Konflik, Devitalisasi dan Badai: jejak pasangan dalam krisis. - Gambar: laurent hamels - Fotolia.com -

Artikel yang direkomendasikan: 'Konflik, Devitalisasi, dan Badai: jejak pasangan dalam krisis'

Pada dasarnya, Ini adalah gejala yang mirip dengan ketergantungan afektif . Kecemburuan, oleh karena itu, bisa menjadi manifestasi dari patologi laten, ketergantungan afektif, izinkan saya istilah psikoanalitik sejak nosografi pertama yang ditulis pada topik ini tanggal kembali ke Freud (1922).

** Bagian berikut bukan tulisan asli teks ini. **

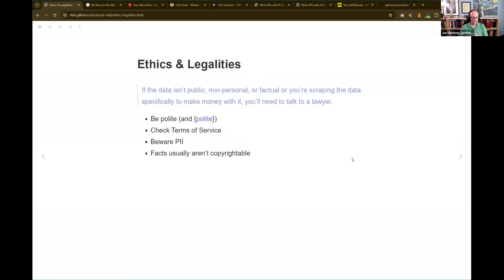Next week, functions with Gabby. Very exciting — starting a new section of the book. I'll see everyone on Slack. Bye.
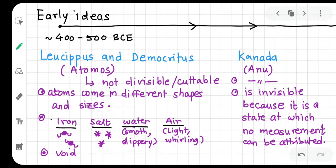Atom — everything that exists, all materials, are made of atoms. The first concept of the atom — the early ideas — was nearly 400 to 500 BCE, Before the Common Era, before year zero. If 2025 is going on, you would go back about 2500 years.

Dari excursus singkat ini Dapat dikatakan bahwa kecemburuan dan ketergantungan emosional adalah dua sisi mata uang yang sama . Jika salah satu ada, kemungkinan besar yang lain juga hadir. Mungkin, kita bisa berani, kecemburuan merupakan bel alarm dari ketergantungan emosional , yaitu, ketika kita melihatnya dengan cara yang luar biasa, kemungkinan besar ada sesuatu yang penting yang tidak berfungsi sebagaimana mestinya. Memang, pecandu emosional bertindak setelah suatu kebutuhan: Saya tidak ingin sendirian . Akibatnya, ketika diasumsikan bahwa objek cinta, tanpa datum realitas, dapat gagal, sensasi aneh dari kerentanan ekstrem ini memanifestasikan dirinya di mana perburuan lemak dimulai, dan bahkan persepsi sekecil apa pun. itu bisa mengacaukan cemburu. Dari sini gerakan putus asa dimulai dalam upaya untuk menjaga objek cinta terikat pada diri sendiri! Ini seperti krisis penarikan: substansinya akan segera berakhir dan saya berpegang teguh pada harapan terkecil untuk memiliki lebih banyak, dan selamanya.

Iklan Seperti yang ditulis oleh Marcel Proust (1923), ' kecemburuan sering kali hanya merupakan kebutuhan tirani yang diterapkan pada hal-hal cinta. Sejak kecemburuan ditemukan, mereka yang menjadi objeknya dianggap sebagai ketidakpercayaan yang melegitimasi penipuan. '. Memang benar, itu adalah pedang bermata dua, semakin cemburu satu, semakin satu mencekik yang lain, semakin yang lain merasa terpaksa melarikan diri untuk mencari nafas kesegaran, jadi dia mengkhianati. Itu semua berakhir dengan lingkaran setan yang mengabadikan diri.

BIBLIOGRAFI:

  • Freud, S. (1922), Beberapa mekanisme neurotik dalam kecemburuan, paranoia dan homoseksualitas. Diedit oleh C. Musatti, Karya Sgmund Freud, Boringhieri, Turin (2002).
  • Marazziti, D., Di Nasso, E., Masala, I., et al (2003) Kecemburuan normal dan obsesif: sebuah studi tentang populasi dewasa muda. European Psychiatry, 18, 106–111.
  • Proust, M. (1923), Tahanan. Dalam A. B. Anguissola, D. Galateria, G. Raboni (Eds.) Mencari waktu yang hilang, Oscar - Mondadori, Milan, 2001.
  • Barthes, R. (1977), Fragmen pidato asmara, Diedit oleh R. Guidieri, Einaudi tascabili, (2008).